**** Source material
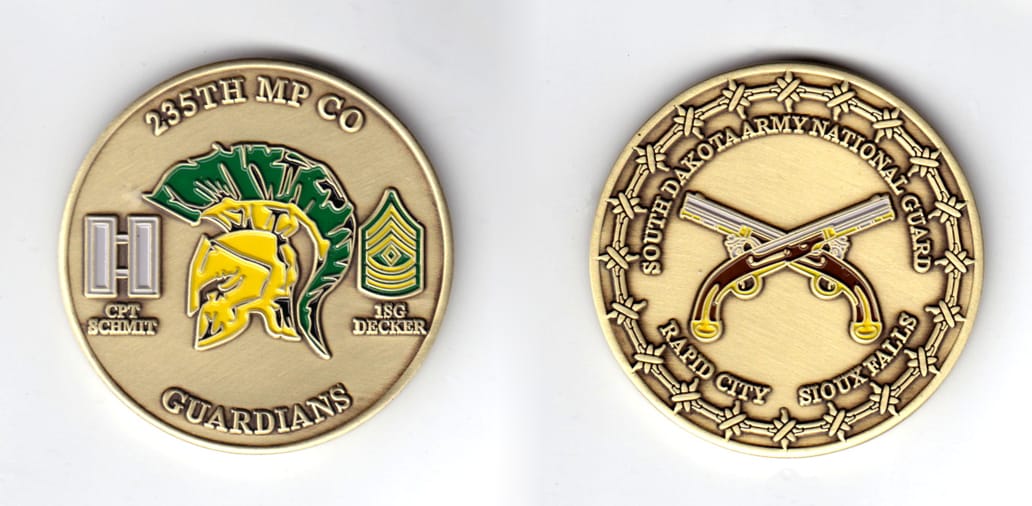 Round shaped coin, brass in color, 2 inches in diameter.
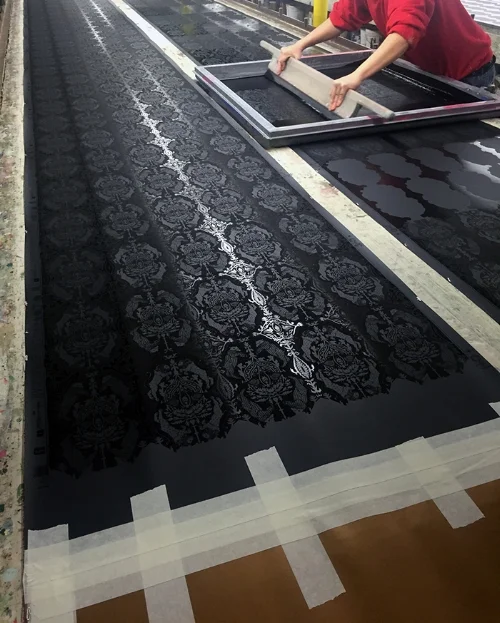 Yes, every single roll of our screen-printed paper is really printed by hand. We do employ other modes of manufacturing, like the incredible digital printing available now as well as hand-painting murals onto archival paper.
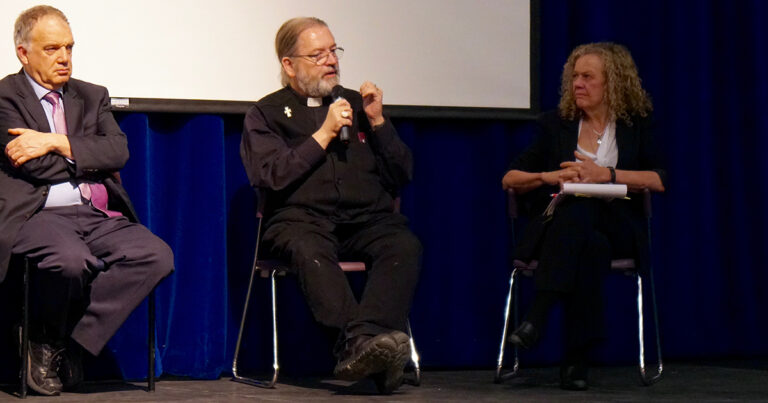 A man in a black vest sits on a stage, engaged in discussion during a panel event, with a woman seated beside him. The background features a projector screen.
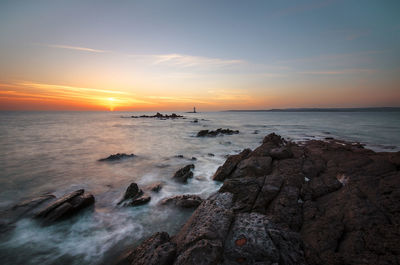 Scenic view of sea against sky during sunset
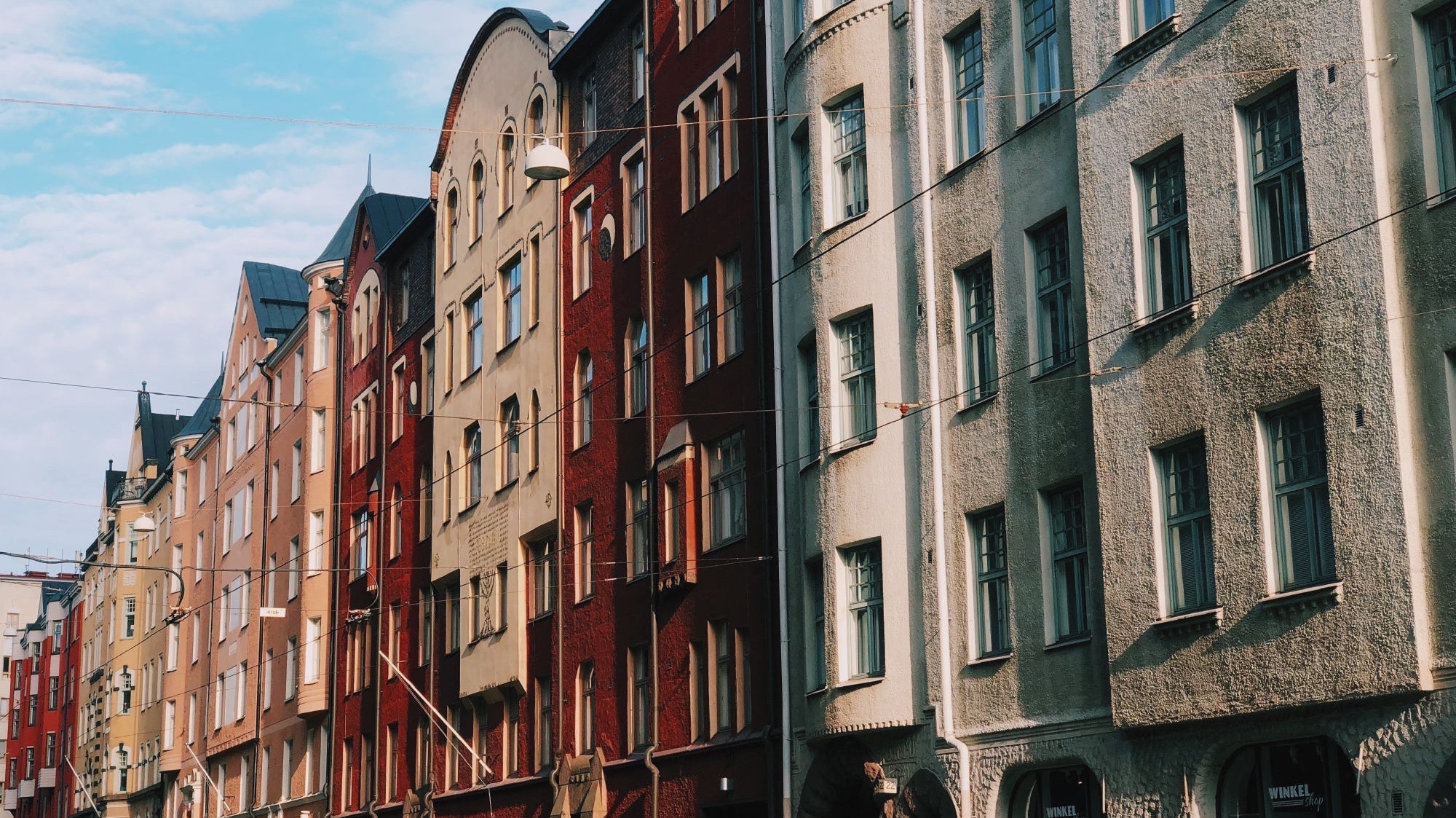 Helsinki street with colourful buildings in a row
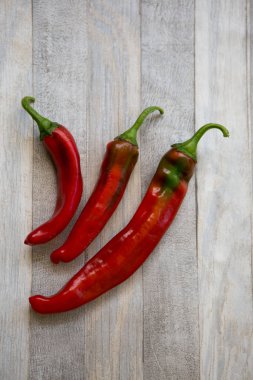 Acı kırmızı biberli arka plan. Gri ahşap masa arkasında kırmızı biberler. Sağlıklı gıda konsepti.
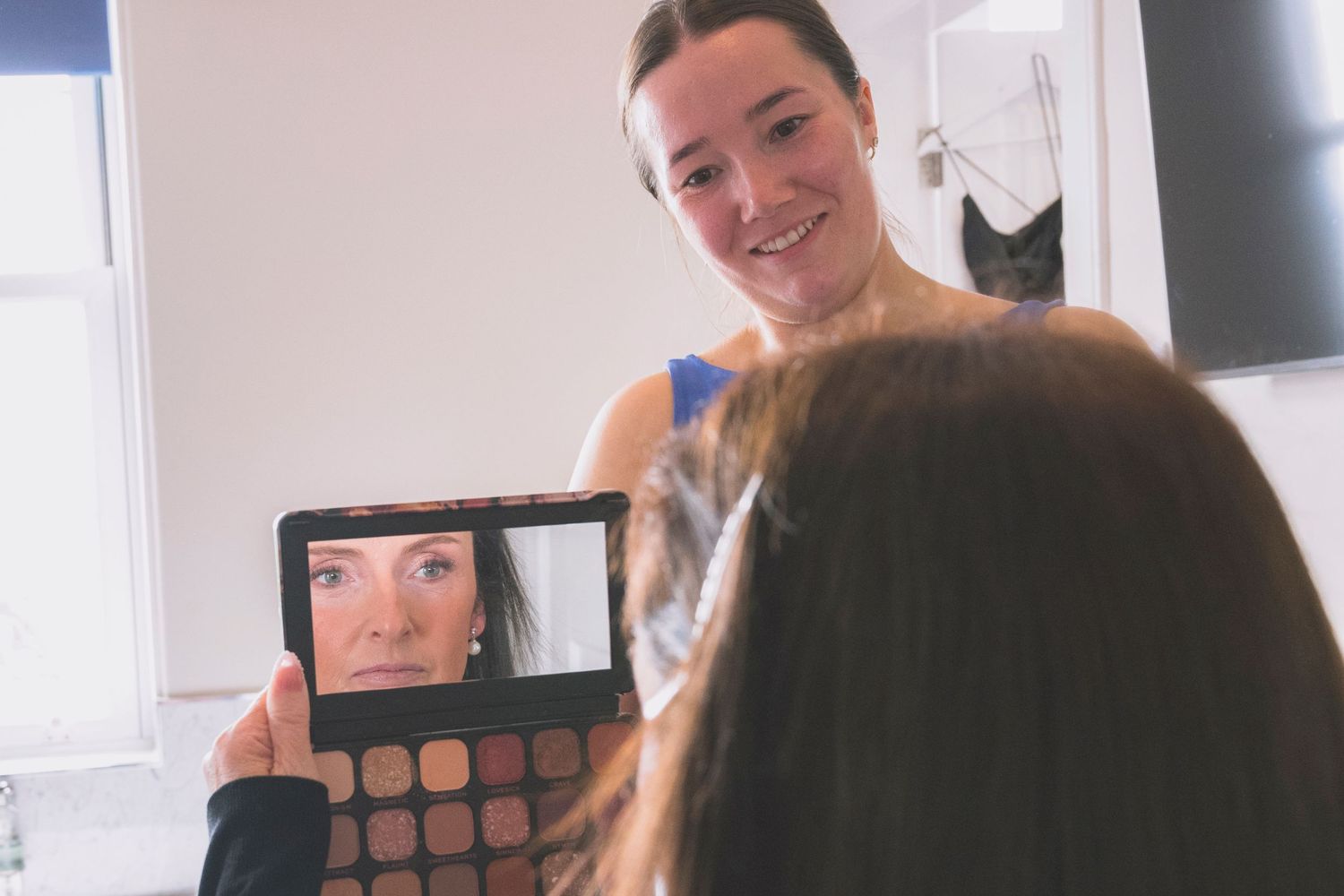 A makeup artist holds a palette mirror showing a woman's reflection while applying makeup in a bright room.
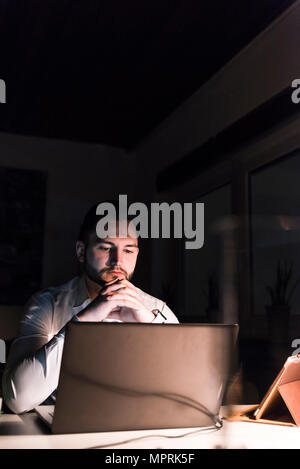 Retrato del empresario sentados frente al escritorio en la oficina por la noche mirando portátil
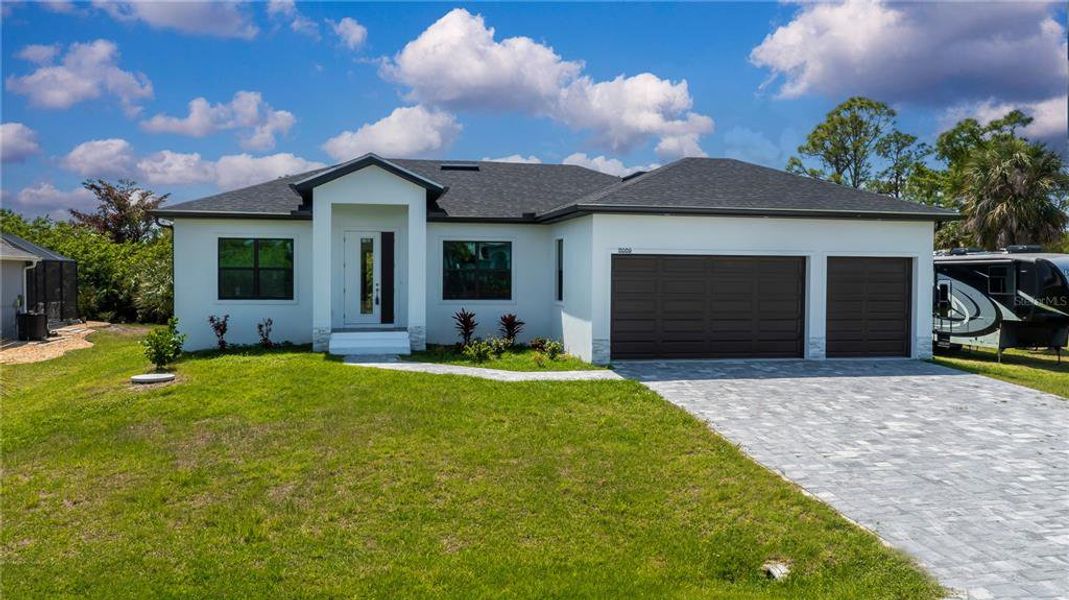 Front exterior of a new home in , Port Charlotte, FL, highlighting curb appeal (Image 27).
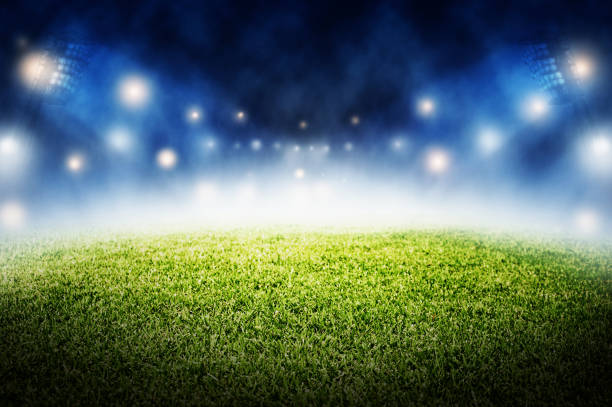 istock soccer field stadium in night time background 970775016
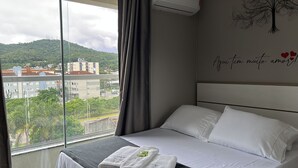 A hotel room with a bed, a window with a view of buildings and trees, a wall with a tree and hearts, and a curtain. - AP ENCANTADOR 1 QUARTO PX. DO CAU HANSEN (Joinville)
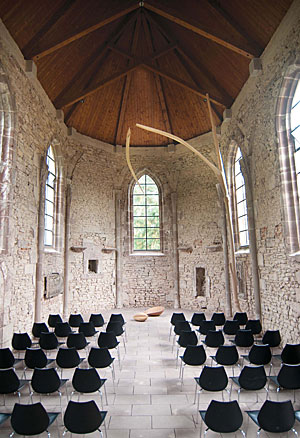 Weitwinkelansicht der Wintringer Kapelle mit leeren Stuhlreihen vor dem aktuellen Werk „In der Schwebe“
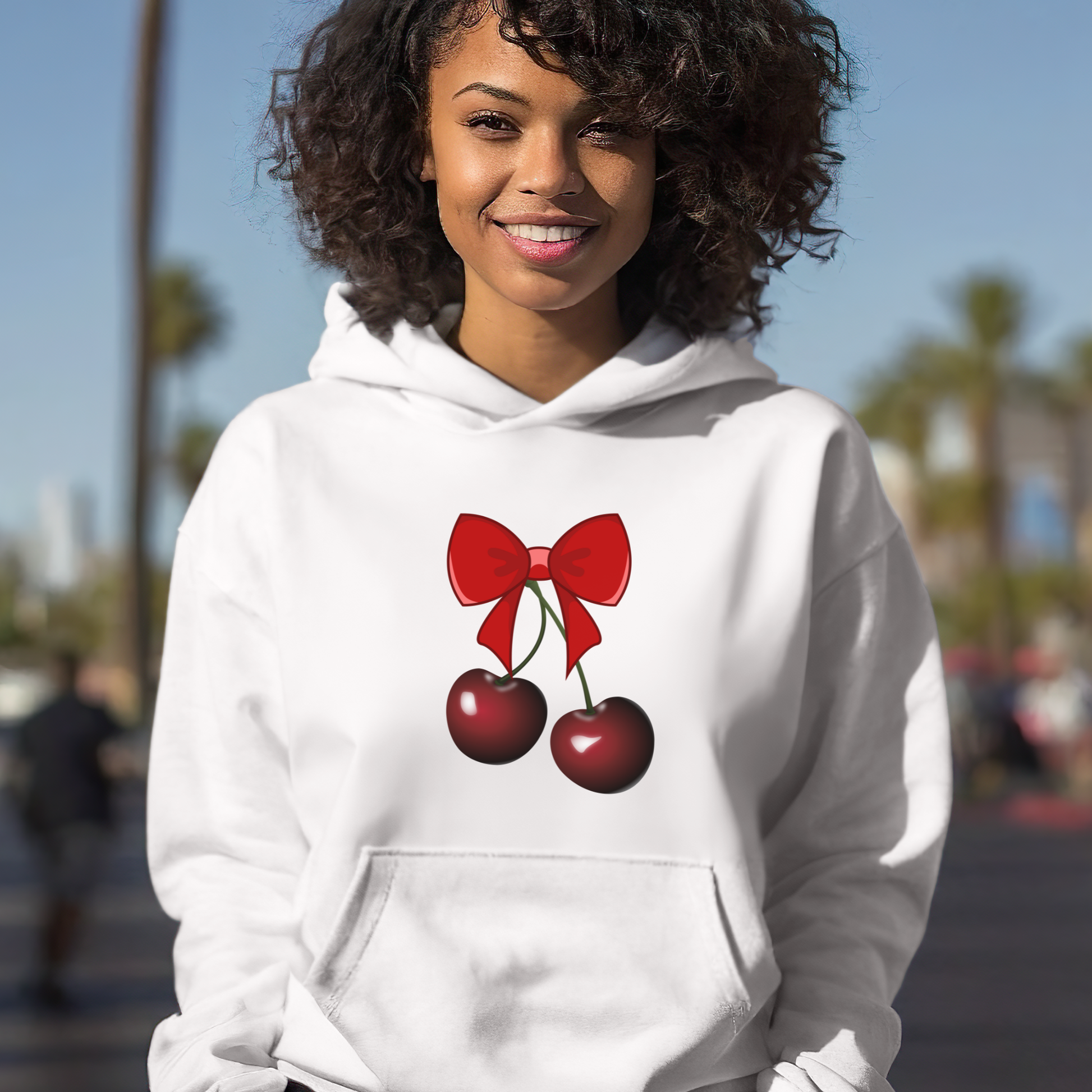 Person wearing a white hoodie with a red bow and cherries design outdoors.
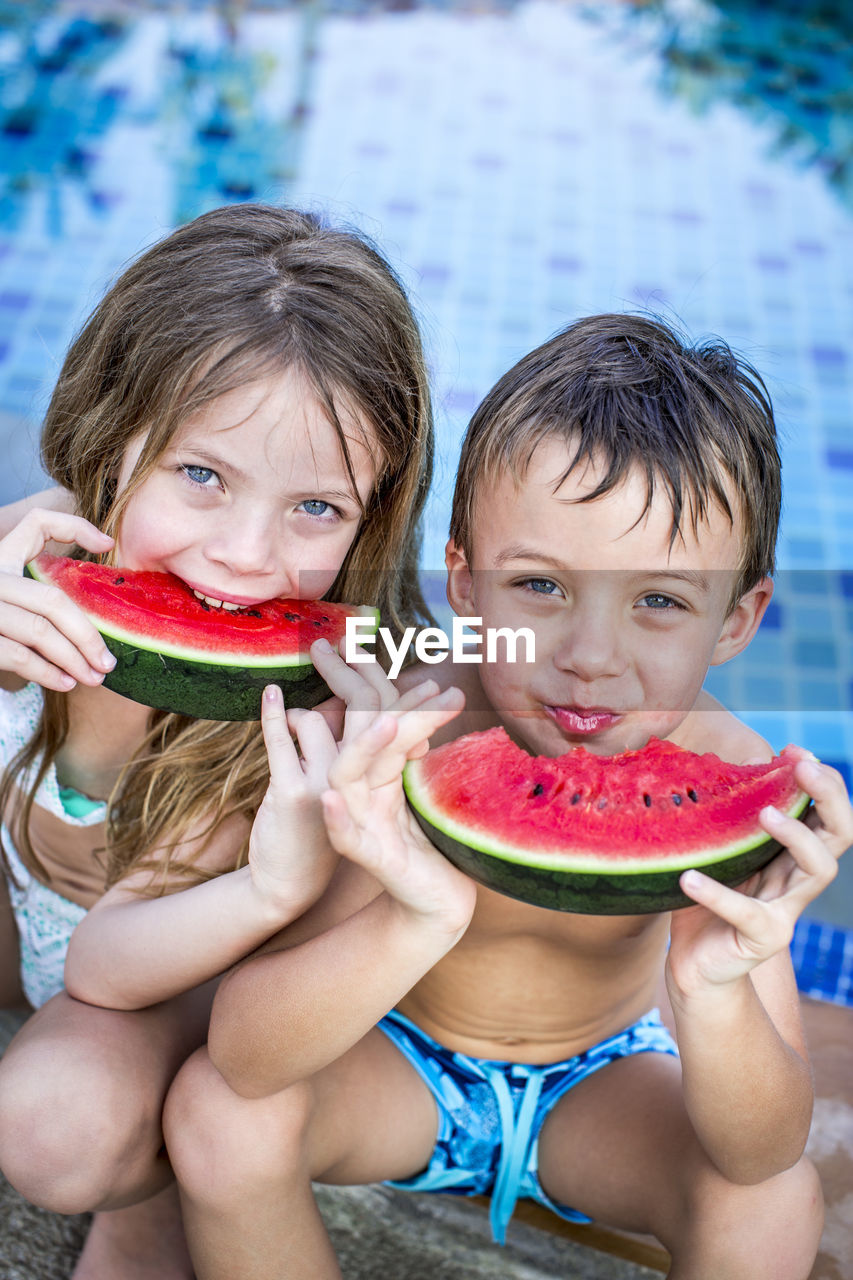 Cute siblings having watermelon against swimming pool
********
Reproduce every entry above exactly, and omit the pictures.

> _Solution below_:
 Round shaped coin, brass in color, 2 inches in diameter.
 Yes, every single roll of our screen-printed paper is really printed by hand. We do employ other modes of manufacturing, like the incredible digital printing available now as well as hand-painting murals onto archival paper.
 A man in a black vest sits on a stage, engaged in discussion during a panel event, with a woman seated beside him. The background features a projector screen.
 Scenic view of sea against sky during sunset
 Helsinki street with colourful buildings in a row
 Acı kırmızı biberli arka plan. Gri ahşap masa arkasında kırmızı biberler. Sağlıklı gıda konsepti.
 A makeup artist holds a palette mirror showing a woman's reflection while applying makeup in a bright room.
 Retrato del empresario sentados frente al escritorio en la oficina por la noche mirando portátil
 Front exterior of a new home in , Port Charlotte, FL, highlighting curb appeal (Image 27).
 istock soccer field stadium in night time background 970775016
 A hotel room with a bed, a window with a view of buildings and trees, a wall with a tree and hearts, and a curtain. - AP ENCANTADOR 1 QUARTO PX. DO CAU HANSEN (Joinville)
 Weitwinkelansicht der Wintringer Kapelle mit leeren Stuhlreihen vor dem aktuellen Werk „In der Schwebe“
 Person wearing a white hoodie with a red bow and cherries design outdoors.
 Cute siblings having watermelon against swimming pool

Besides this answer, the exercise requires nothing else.